## WHAT YOU HAVE TO DO
All lines from the one containing "i can't believe" through the end of the data below are to be repeated exactly, with pictures left out.

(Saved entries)
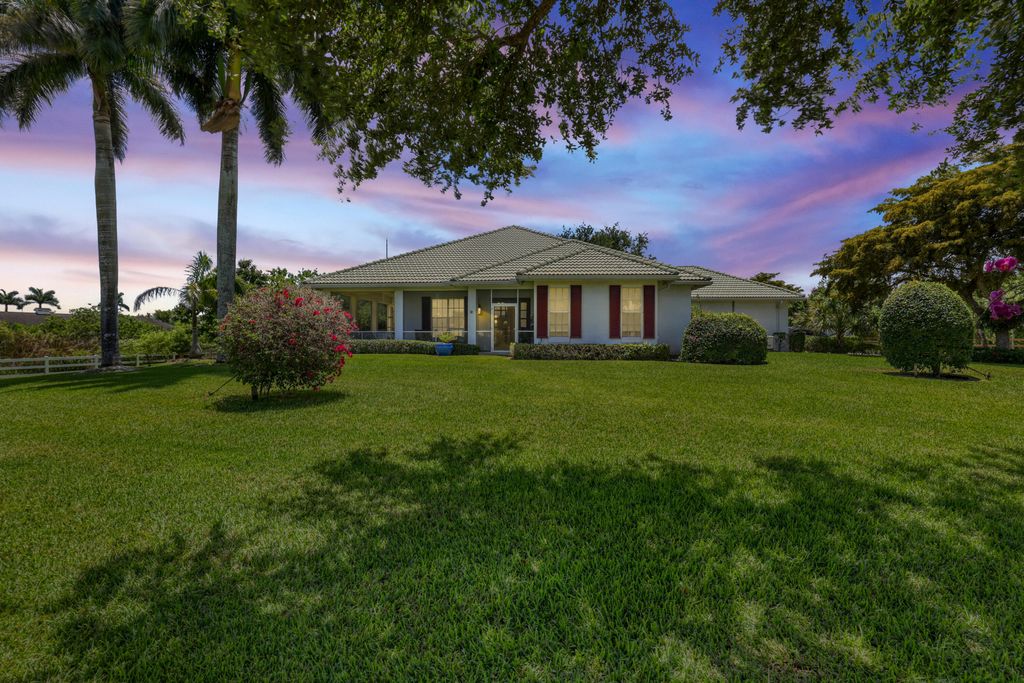 Photo of 15560 S 46th Ln Lane S, Wellington, FL 33414 (MLS # B26030557)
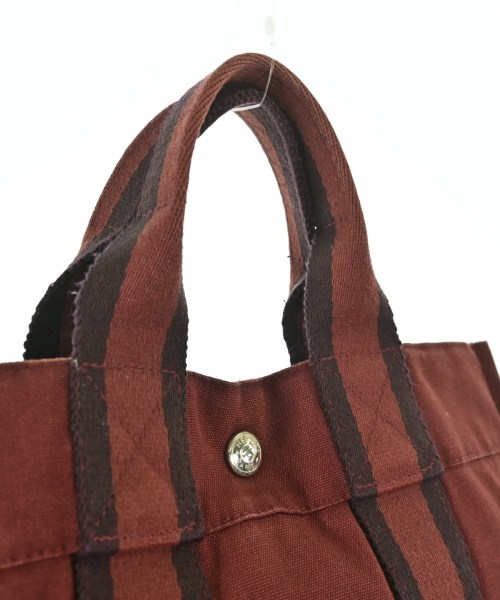 HERMES（エルメス）トートバッグ 赤 サイズ:PM レディース/2200724273461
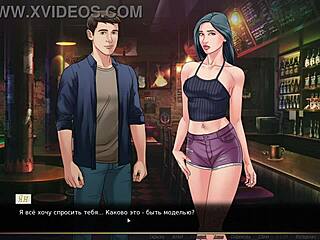 i can't believe how cute this anime whore is at the party. her small tits bounce while taking monster cock rough.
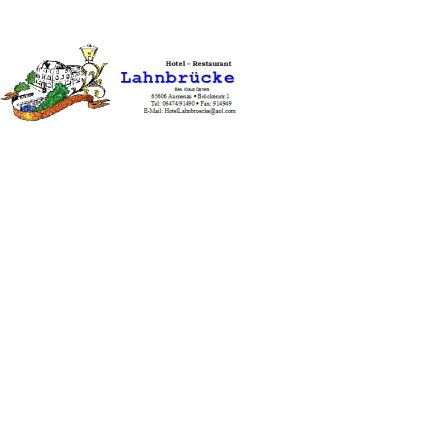 Logo fra Lahnbrücke, Klaus Daners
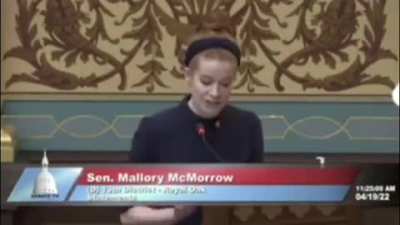 Lawmaker Fires Back at Accusations that She Supports Pedophilia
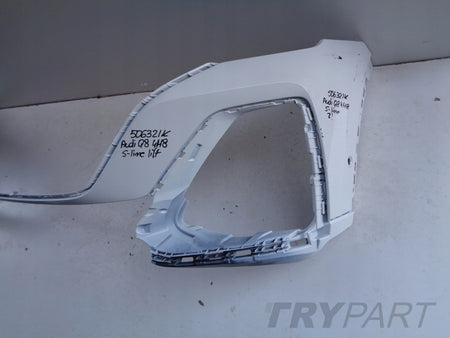 FRONT BUMPER AUDI Q8 4M8 LIFT S-LINE NO. 50632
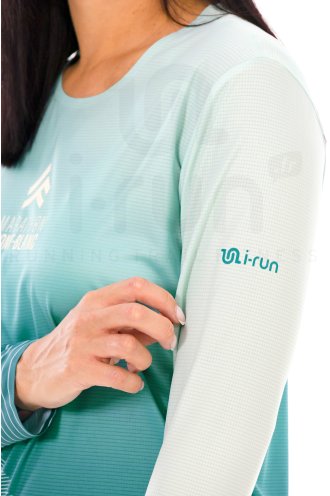 i-run.fr Tee-shirt performance Marathon du Mont-Blanc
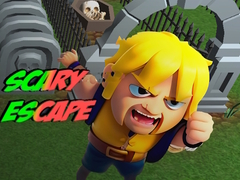 Jogo Scary Escape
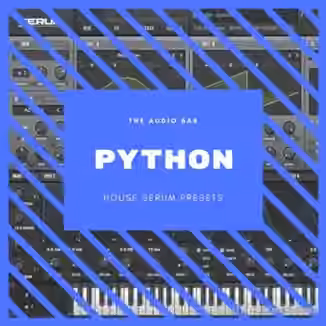 The Audio Bar Python Serum Presets [Synth Presets]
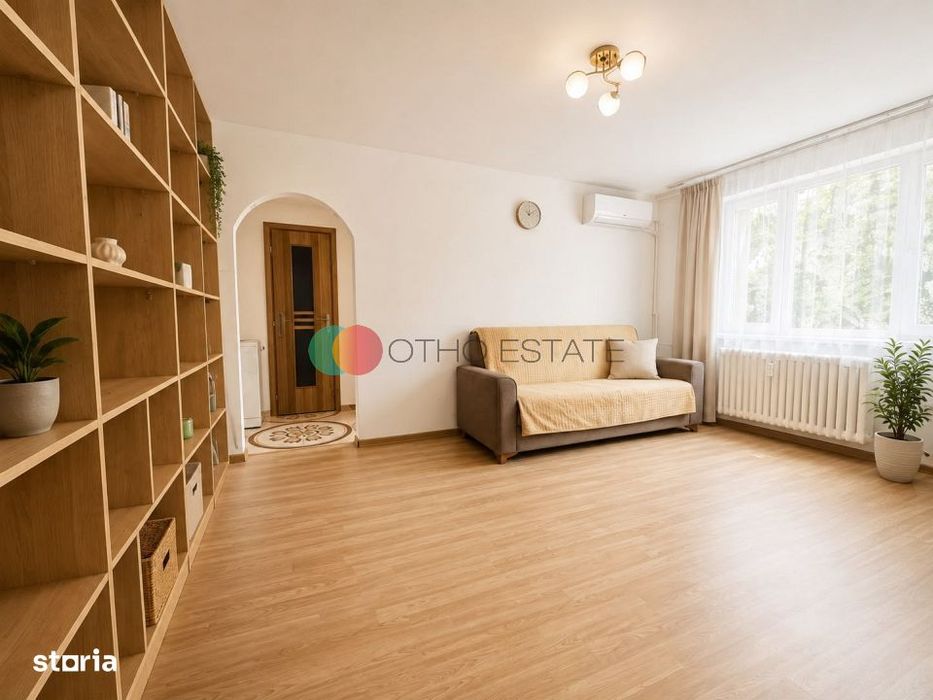 3 Camere Dristor - Nicolae Grigorescu | Bloc Anvelopat | Comision 0%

## TASK OUTPUT
 i can't believe how cute this anime whore is at the party. her small tits bounce while taking monster cock rough.
 Logo fra Lahnbrücke, Klaus Daners
 Lawmaker Fires Back at Accusations that She Supports Pedophilia
 FRONT BUMPER AUDI Q8 4M8 LIFT S-LINE NO. 50632
 i-run.fr Tee-shirt performance Marathon du Mont-Blanc
 Jogo Scary Escape
 The Audio Bar Python Serum Presets [Synth Presets]
 3 Camere Dristor - Nicolae Grigorescu | Bloc Anvelopat | Comision 0%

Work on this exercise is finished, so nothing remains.